Saksi Yoga (28), yang saat itu sedang memancing sejak dini hari, turut membantu
dengan melemparkan tali pancing ke arah korban. Namun, dalam situasi ombak yang
cukup besar, hanya korban pertama yang berhasil meraih tali dan akhirnya dapat
diselamatkan. Sementara itu, korban kedua yang awalnya bertindak sebagai
penolong justru ikut terseret arus dan belum ditemukan.

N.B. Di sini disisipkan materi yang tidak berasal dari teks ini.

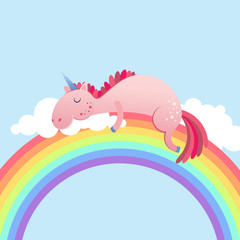 The pink unicorn sleeps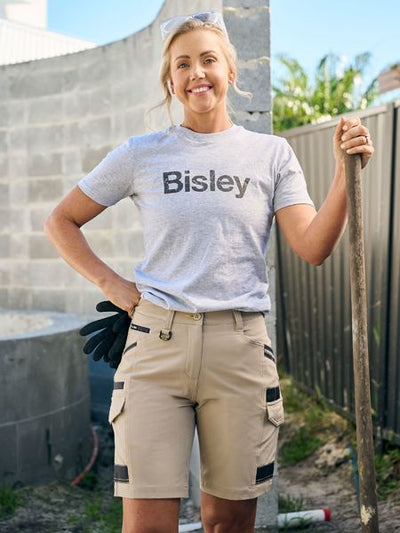 BSHL1332 - Bisley - Women's Flx & Move™ 4-Way Stretch Zip Cargo Short Stone
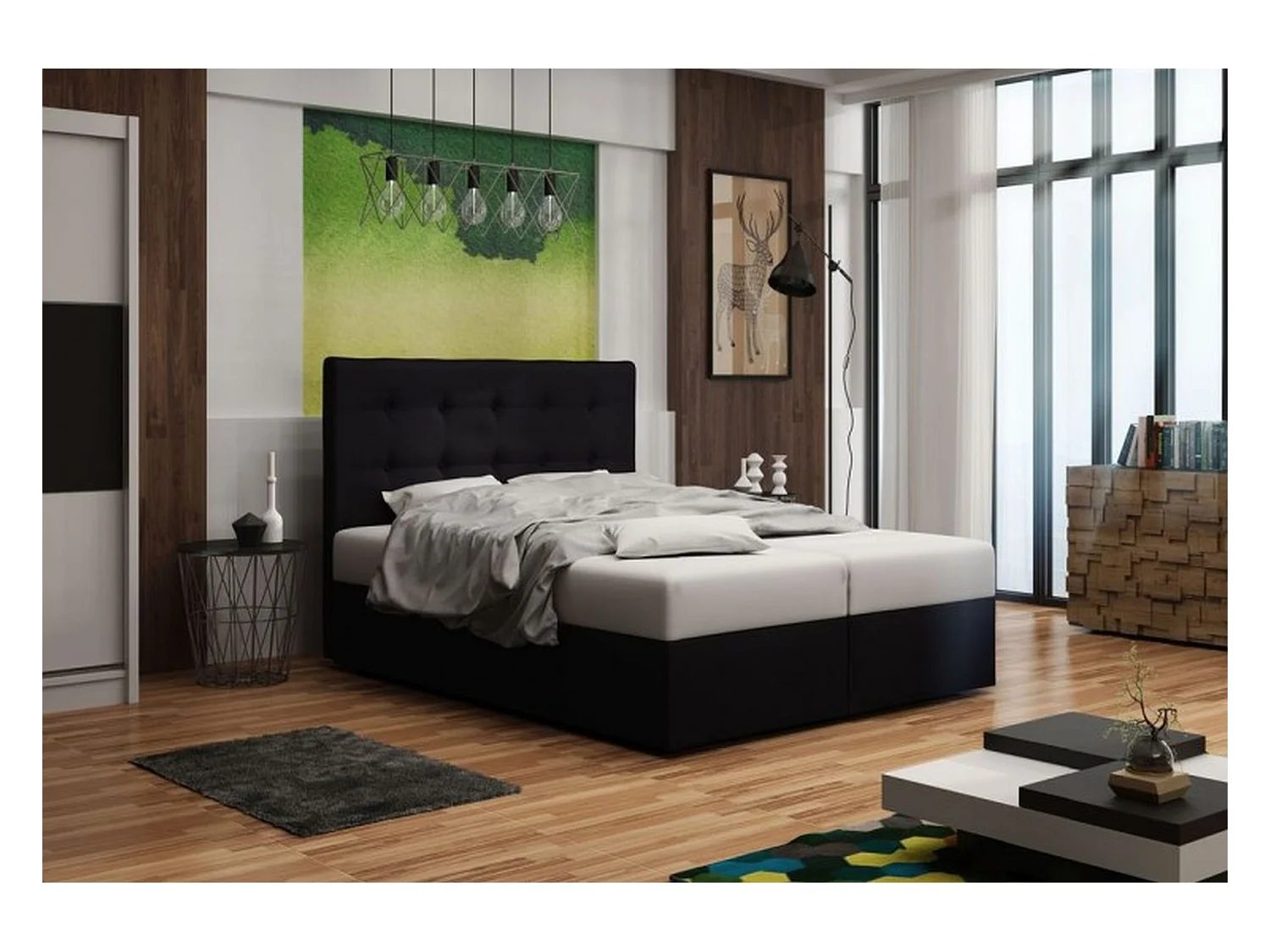 BEDANTE lit boxspring DUO 1 180x200 Cosmic 100 noir lit avec coffre lit double lit d’hôtel surmatelas matelas chambre espace de rangement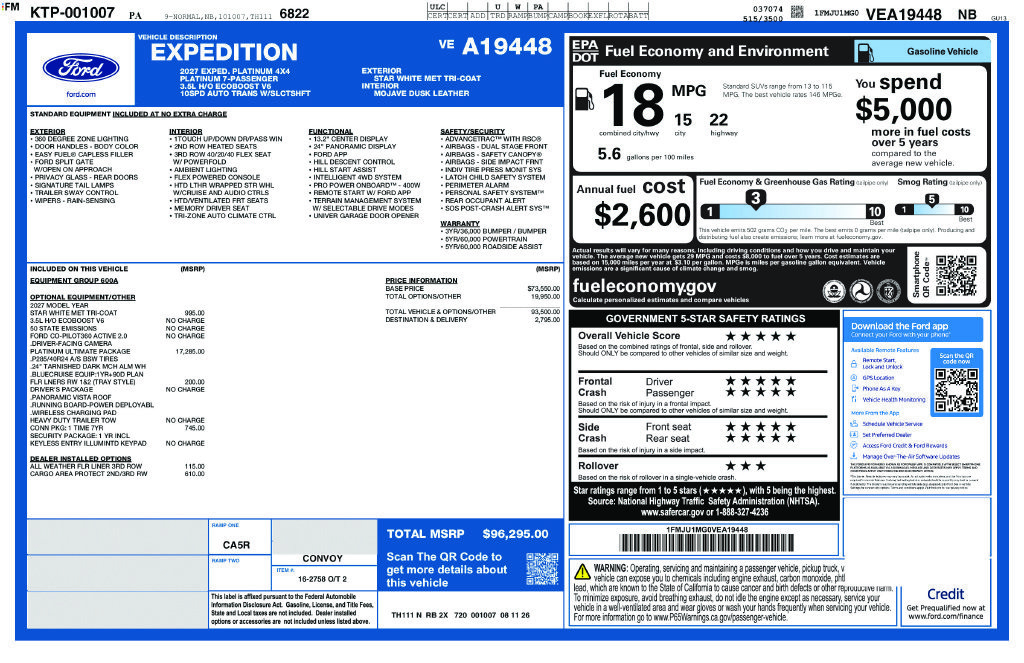 New 2027 Ford Expedition Platinum w/ Platinum Ultimate Package AWD/4WD image 5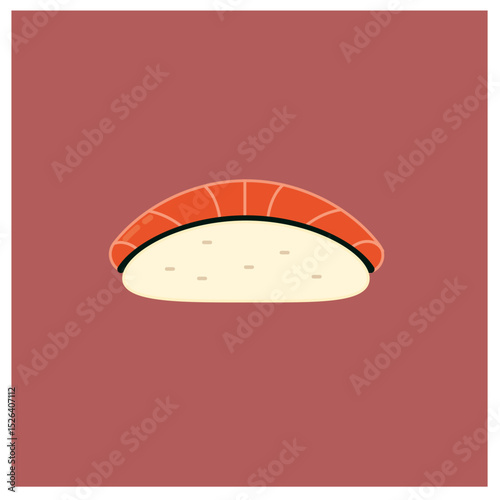 Sushi, Japanese Food Flat Design Illustration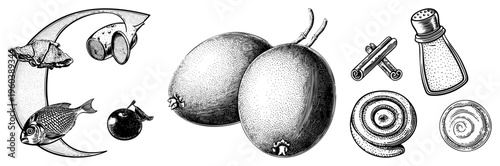 Antique style engraved illustration of seafood, fruits, and spices, including fish, kiwi, cinnamon, salt, and spirals, rendered in halftone dotwork.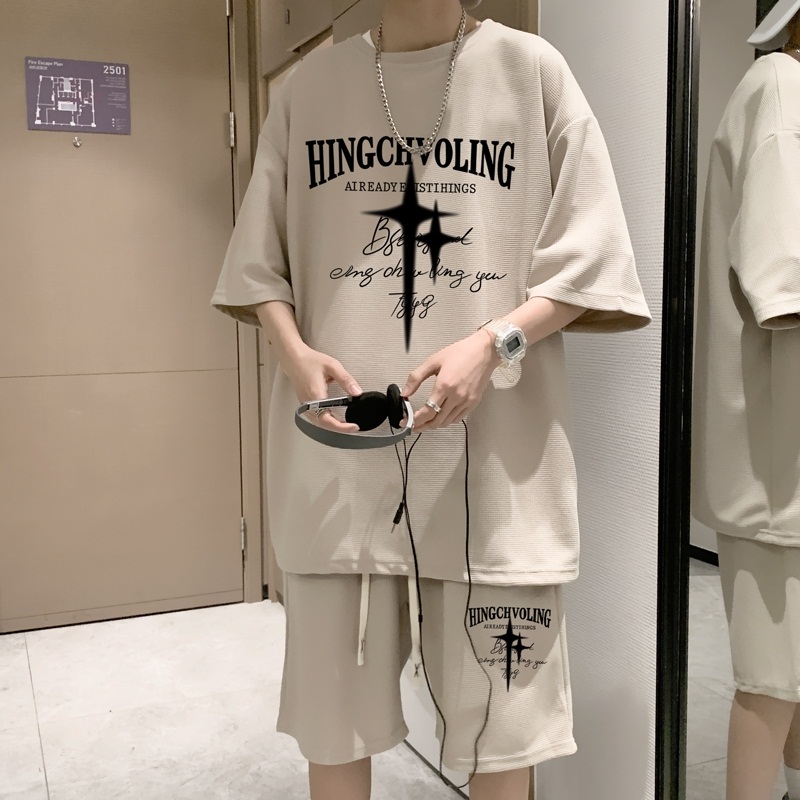 ZT16*P48夏季美式短袖t恤男女休闲套装ins潮流一套搭配短裤两件套,男装T恤,星座414A-2（原B215-2）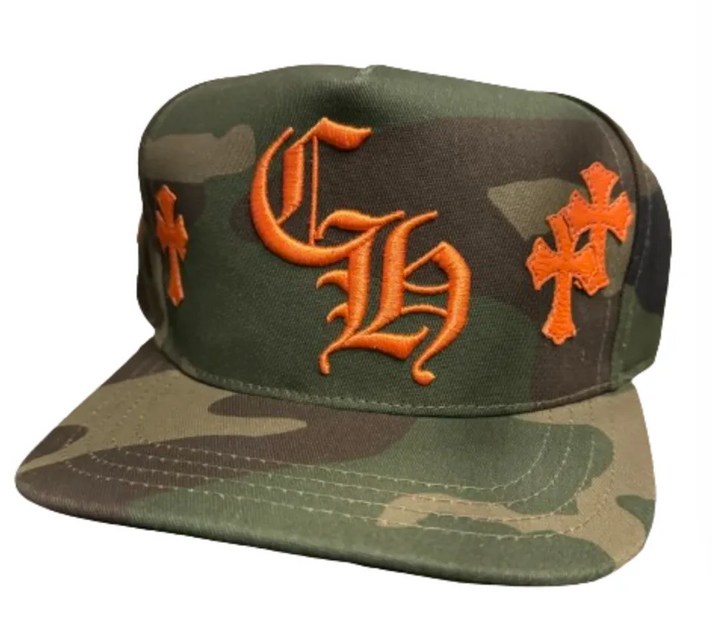 Chrome Hearts 'Camo Orange' Cross Patch Hat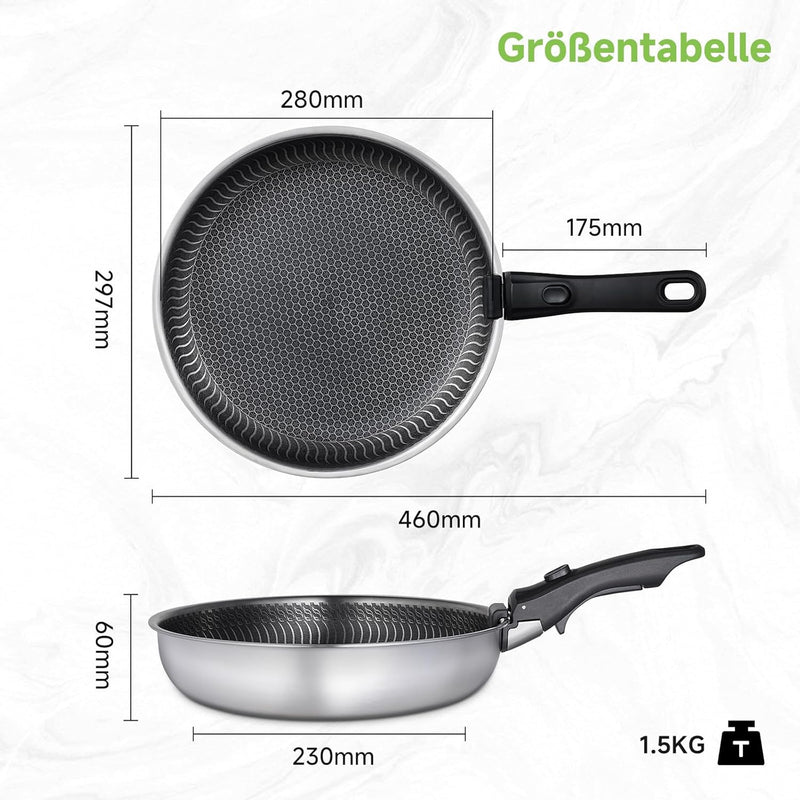 Frying pan dimensions, showing diameter, length, height, and weight.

Korban pertama berhasil dievakuasi dalam kondisi selamat dan
segera dilarikan ke RS Kasih Ibu Saba untuk mendapatkan penanganan medis
menggunakan kendaraan warga.
Upaya pencarian korban kedua terus dilakukan dengan
melibatkan tim gabungan, termasuk Balawista BPBD Gianyar dan personel Polairud
dengan menggunakan perahu, didampingi Babinsa, Bhabinkamtibmas, serta Polsek
Sukawati. Selanjutnya, Tim Basarnas Provinsi Bali turut bergabung dan
melaksanakan apel koordinasi sebelum melakukan penyisiran lanjutan dari Pantai
Rangkan, Desa Ketewel.
Namun hingga pukul 16.10 Wita, korban atas nama Agus Suarsa
Darma belum berhasil ditemukan. Mengingat kondisi cuaca dan batas waktu
operasional sesuai SOP, pencarian sementara dihentikan dan akan dilanjutkan
kembali pada Senin, 6 April 2026 pukul 07.00 Wita.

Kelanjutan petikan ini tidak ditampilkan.